START Extracted material

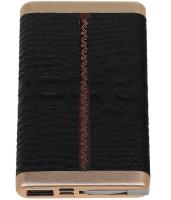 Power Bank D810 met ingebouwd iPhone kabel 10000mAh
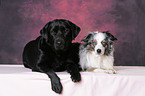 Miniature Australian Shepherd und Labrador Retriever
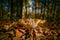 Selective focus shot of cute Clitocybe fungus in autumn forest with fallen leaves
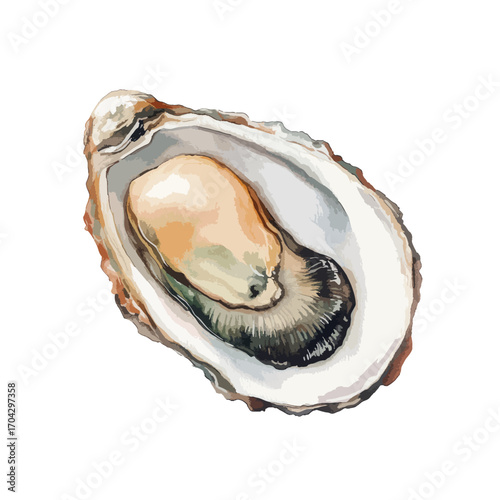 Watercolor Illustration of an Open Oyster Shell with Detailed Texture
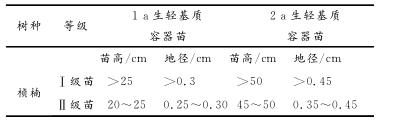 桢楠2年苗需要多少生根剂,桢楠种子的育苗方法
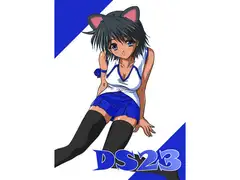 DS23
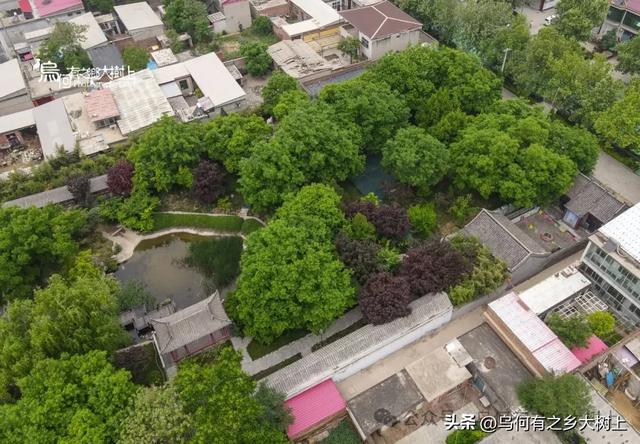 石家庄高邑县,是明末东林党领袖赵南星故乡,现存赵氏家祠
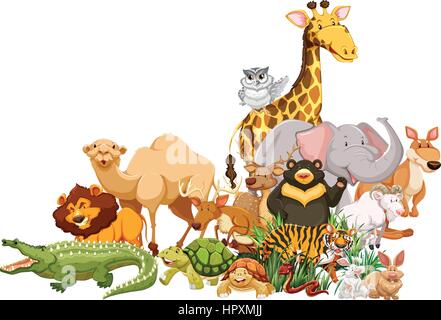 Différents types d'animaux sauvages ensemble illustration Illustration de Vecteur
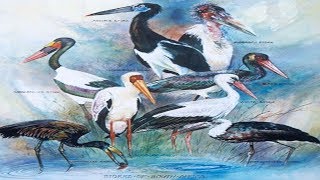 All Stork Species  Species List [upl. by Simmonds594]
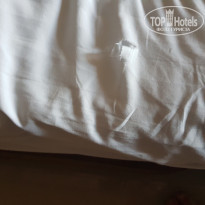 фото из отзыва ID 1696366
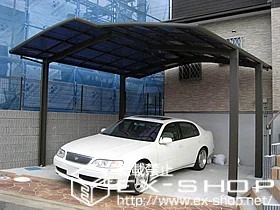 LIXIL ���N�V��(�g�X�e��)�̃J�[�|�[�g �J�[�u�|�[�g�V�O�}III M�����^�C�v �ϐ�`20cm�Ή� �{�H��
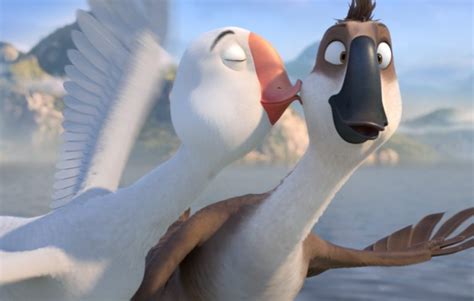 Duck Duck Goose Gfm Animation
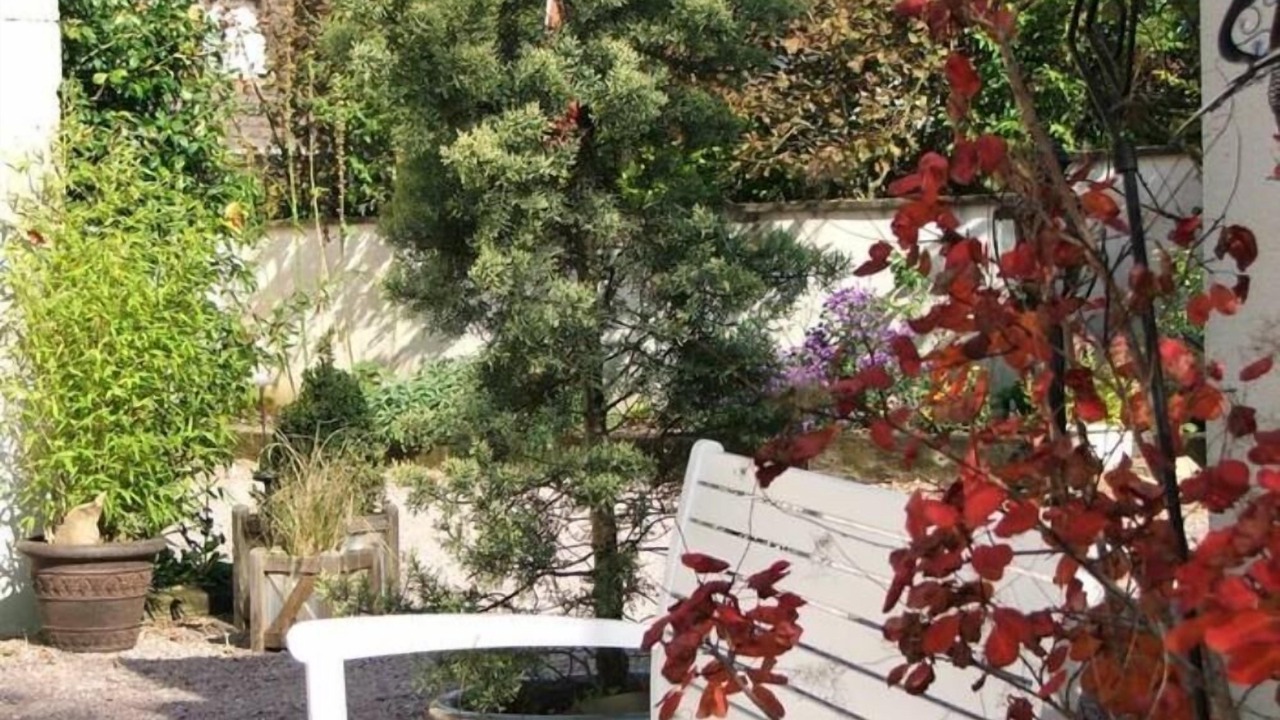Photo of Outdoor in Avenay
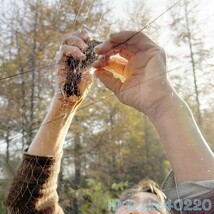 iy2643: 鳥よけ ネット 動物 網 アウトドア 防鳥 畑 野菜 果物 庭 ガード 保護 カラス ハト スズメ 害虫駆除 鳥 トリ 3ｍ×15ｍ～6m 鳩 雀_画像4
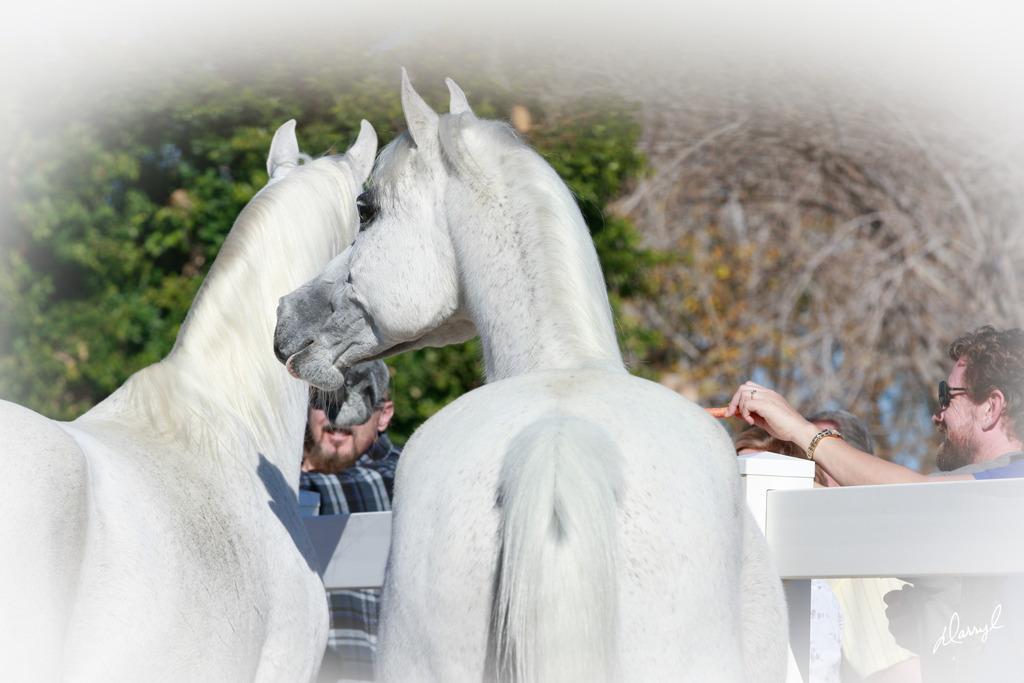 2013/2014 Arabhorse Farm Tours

END Extracted material
START Extracted material

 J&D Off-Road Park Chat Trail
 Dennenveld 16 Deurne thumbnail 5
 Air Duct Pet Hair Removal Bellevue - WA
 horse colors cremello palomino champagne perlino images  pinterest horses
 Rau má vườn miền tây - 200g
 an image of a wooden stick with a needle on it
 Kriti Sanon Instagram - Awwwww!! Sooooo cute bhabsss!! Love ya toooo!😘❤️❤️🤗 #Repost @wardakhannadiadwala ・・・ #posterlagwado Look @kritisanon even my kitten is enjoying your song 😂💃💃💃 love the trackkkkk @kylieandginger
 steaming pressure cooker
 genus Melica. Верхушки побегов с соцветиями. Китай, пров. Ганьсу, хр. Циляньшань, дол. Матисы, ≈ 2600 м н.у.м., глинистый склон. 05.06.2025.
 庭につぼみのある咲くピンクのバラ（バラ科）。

END Extracted material

Prompt:
Using the listing above, restate exactly the range between the lines holding "Selective focus shot" and "石家庄高邑县,是明末东林党领袖赵南星故乡,现存赵氏家祠", inclusive, with pictures left out.

Task output:
 Selective focus shot of cute Clitocybe fungus in autumn forest with fallen leaves
 Watercolor Illustration of an Open Oyster Shell with Detailed Texture
 桢楠2年苗需要多少生根剂,桢楠种子的育苗方法
 DS23
 石家庄高邑县,是明末东林党领袖赵南星故乡,现存赵氏家祠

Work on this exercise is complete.